[PATCH v2] PCI: Mask Replay Timer Timeout for Realtek RTS525A

Max Lee posted 1 patch 17 hours ago
drivers/pci/quirks.c | 22 ++++++++++++++++++++++
1 file changed, 22 insertions(+)
[PATCH v2] PCI: Mask Replay Timer Timeout for Realtek RTS525A
Posted by Max Lee 17 hours ago
The Realtek RTS525A PCI-Express SD card reader (10ec:525a) generates
excessive Correctable Error (Replay Timer Timeout) AER events during
PCIe link initialization. On systems where firmware enables AER
reporting (CERptEn+), this causes an AER storm of ~240K error events
within 11 seconds of boot, overwhelming the kernel error handler and
blocking shutdown/reboot.

The root cause is a transient link training instability inherent to this
device -- even on BIOS versions that suppress reporting, the error
status register (CESta) shows Timeout+ set.

Unlike the GL9750/GL9755 fixup, which only masks the parent root port,
the RTS525A also needs its endpoint Correctable Error Mask bit 12
(PCI_ERR_COR_REP_TIMER) masked when the endpoint exposes AER, so it does
not send ERR_COR messages upstream. Also mask the parent root port to
cover root-port reporting of link errors caused by the endpoint.

Signed-off-by: Max Lee <max.lee@canonical.com>
---
Changes in v2:
  - Mask the parent root port even when the endpoint lacks AER capability.
  - Remove the early return before parent root port masking.

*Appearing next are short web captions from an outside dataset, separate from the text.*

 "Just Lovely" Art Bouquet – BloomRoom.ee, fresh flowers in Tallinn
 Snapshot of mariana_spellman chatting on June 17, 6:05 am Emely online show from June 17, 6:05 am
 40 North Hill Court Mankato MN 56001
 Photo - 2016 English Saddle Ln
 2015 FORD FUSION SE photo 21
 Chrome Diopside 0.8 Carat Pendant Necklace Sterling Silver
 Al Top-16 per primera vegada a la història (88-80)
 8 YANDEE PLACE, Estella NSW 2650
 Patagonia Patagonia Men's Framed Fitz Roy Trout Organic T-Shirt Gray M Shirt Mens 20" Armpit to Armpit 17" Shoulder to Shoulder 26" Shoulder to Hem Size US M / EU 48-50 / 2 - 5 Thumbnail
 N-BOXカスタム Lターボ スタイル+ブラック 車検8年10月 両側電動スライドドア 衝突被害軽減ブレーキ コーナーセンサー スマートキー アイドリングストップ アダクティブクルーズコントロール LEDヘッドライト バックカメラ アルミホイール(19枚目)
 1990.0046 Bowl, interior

 drivers/pci/quirks.c | 22 ++++++++++++++++++++++
 1 file changed, 22 insertions(+)

diff --git a/drivers/pci/quirks.c b/drivers/pci/quirks.c
index caaed1a01dc0..6597536a4c70 100644
--- a/drivers/pci/quirks.c
+++ b/drivers/pci/quirks.c
@@ -6380,4 +6380,26 @@ static void pci_mask_replay_timer_timeout(struct pci_dev *pdev)
 }
 DECLARE_PCI_FIXUP_FINAL(PCI_VENDOR_ID_GLI, 0x9750, pci_mask_replay_timer_timeout);
 DECLARE_PCI_FIXUP_FINAL(PCI_VENDOR_ID_GLI, 0x9755, pci_mask_replay_timer_timeout);
+
+static void pci_mask_replay_timer_timeout_on_endpoint(struct pci_dev *pdev)
+{
+	u32 val;
+
+	if (pdev->aer_cap) {
+		pci_info(pdev, "mask Replay Timer Timeout on endpoint due to hardware defect\n");
+
+		pci_read_config_dword(pdev, pdev->aer_cap + PCI_ERR_COR_MASK, &val);
+		val |= PCI_ERR_COR_REP_TIMER;
+		pci_write_config_dword(pdev, pdev->aer_cap + PCI_ERR_COR_MASK, val);
+	}
+
+	/*
+	 * Also mask the parent root port. Do this even if the endpoint lacks
+	 * AER capability because the root port may still report link errors
+	 * caused by the endpoint.
+	 */
+	pci_mask_replay_timer_timeout(pdev);
+}
+DECLARE_PCI_FIXUP_FINAL(PCI_VENDOR_ID_REALTEK, 0x525a,
+			pci_mask_replay_timer_timeout_on_endpoint);
 #endif
-- 
2.43.0